Bradlee gave Woodward and Bernstein license to pursue the scandal and its cover-up vigorously, approving their use of the unidentified source, and the newspaper published about 400 articles about Watergate over 28 months.
In 1972 Bradlee also led the Post in joining the New York Times in publishing stories based on the Pentagon Papers, a secret government account of Vietnam War decisions, despite heavy legal pressure. He also guided the Post to uncovered details of the Iran-Contra scandal that rocked Ronald Reagan’s White House.
In his tribute to the legendary editor, President Obama praised him for his journalistic integrity.
“For Benjamin Bradlee, journalism was more than a profession — it was a public good vital to our democracy.
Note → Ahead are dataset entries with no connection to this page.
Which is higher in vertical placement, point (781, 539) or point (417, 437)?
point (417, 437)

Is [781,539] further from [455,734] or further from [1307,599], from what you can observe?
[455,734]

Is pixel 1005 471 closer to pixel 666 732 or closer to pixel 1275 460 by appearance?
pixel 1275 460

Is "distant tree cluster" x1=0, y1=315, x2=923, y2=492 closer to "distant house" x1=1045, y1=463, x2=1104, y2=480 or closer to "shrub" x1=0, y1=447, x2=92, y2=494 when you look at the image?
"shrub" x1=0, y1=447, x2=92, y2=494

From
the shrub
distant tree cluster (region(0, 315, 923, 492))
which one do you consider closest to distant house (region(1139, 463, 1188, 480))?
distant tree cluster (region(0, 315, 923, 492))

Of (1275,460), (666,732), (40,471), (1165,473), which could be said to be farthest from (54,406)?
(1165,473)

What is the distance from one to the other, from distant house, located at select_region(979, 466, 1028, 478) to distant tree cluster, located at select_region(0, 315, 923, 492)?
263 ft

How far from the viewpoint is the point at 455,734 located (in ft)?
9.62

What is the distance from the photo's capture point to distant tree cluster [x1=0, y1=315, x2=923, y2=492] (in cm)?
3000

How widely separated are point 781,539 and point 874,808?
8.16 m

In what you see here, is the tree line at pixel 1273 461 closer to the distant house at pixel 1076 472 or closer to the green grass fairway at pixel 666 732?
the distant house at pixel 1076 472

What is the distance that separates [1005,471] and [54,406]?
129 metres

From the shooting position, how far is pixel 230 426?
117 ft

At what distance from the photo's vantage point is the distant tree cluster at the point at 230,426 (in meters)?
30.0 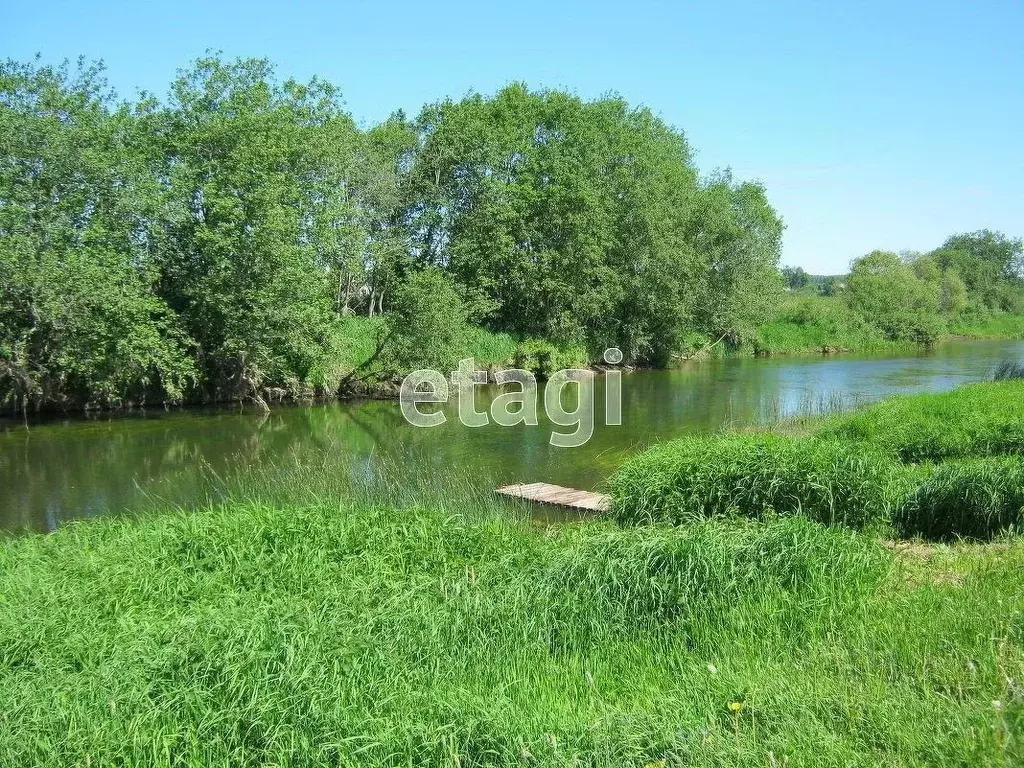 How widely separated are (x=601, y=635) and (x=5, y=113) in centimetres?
2295

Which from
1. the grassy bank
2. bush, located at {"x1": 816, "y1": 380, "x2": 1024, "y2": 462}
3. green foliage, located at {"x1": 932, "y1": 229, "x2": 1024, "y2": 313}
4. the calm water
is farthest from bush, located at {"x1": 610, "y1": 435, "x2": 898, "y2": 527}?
green foliage, located at {"x1": 932, "y1": 229, "x2": 1024, "y2": 313}

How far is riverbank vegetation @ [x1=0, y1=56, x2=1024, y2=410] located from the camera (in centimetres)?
2280

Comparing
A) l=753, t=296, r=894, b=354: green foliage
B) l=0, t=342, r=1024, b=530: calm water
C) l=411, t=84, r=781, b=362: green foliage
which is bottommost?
l=0, t=342, r=1024, b=530: calm water

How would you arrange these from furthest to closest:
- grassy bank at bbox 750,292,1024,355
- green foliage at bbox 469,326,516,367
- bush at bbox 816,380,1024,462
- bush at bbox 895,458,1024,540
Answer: grassy bank at bbox 750,292,1024,355
green foliage at bbox 469,326,516,367
bush at bbox 816,380,1024,462
bush at bbox 895,458,1024,540

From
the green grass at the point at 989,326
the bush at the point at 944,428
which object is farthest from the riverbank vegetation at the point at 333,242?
the green grass at the point at 989,326

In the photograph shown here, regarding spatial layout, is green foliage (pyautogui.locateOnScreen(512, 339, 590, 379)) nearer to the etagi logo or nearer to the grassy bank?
the etagi logo

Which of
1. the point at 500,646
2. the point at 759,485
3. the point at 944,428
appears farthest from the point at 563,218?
the point at 500,646

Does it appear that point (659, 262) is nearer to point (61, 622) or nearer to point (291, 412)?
point (291, 412)

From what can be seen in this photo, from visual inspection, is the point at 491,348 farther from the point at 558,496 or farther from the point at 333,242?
the point at 558,496

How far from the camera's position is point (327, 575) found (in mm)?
8008

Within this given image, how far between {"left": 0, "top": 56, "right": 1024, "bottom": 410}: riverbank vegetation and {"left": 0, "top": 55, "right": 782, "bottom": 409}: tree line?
0.09 metres

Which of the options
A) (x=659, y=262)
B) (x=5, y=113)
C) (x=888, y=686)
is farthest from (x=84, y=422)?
(x=659, y=262)

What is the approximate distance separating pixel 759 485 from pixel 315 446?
1292cm

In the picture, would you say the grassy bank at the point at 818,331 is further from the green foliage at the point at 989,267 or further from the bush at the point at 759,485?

A true newspaperman, he transformed the Washington Post into one of the country’s finest newspapers, and with him at the helm, a growing army of reporters published the Pentagon Papers, exposed Watergate, and told stories that needed to be told — stories that helped us understand our world and one another a little bit better. The standard he set — a standard for honest, objective, meticulous reporting — encouraged so many others to enter the profession.”
The Inquisitr, earlier reported that President Obama honored him with the Presidential Medal of Freedom last year.
Benjamin Bradlee career’s at the Washington Post began in 1948 as a police reporter. He quit to become a press attache at the U.S. Embassy in Paris.
He returned to the Post and became executive editor in 1968, holding the job until his 1991 retirement.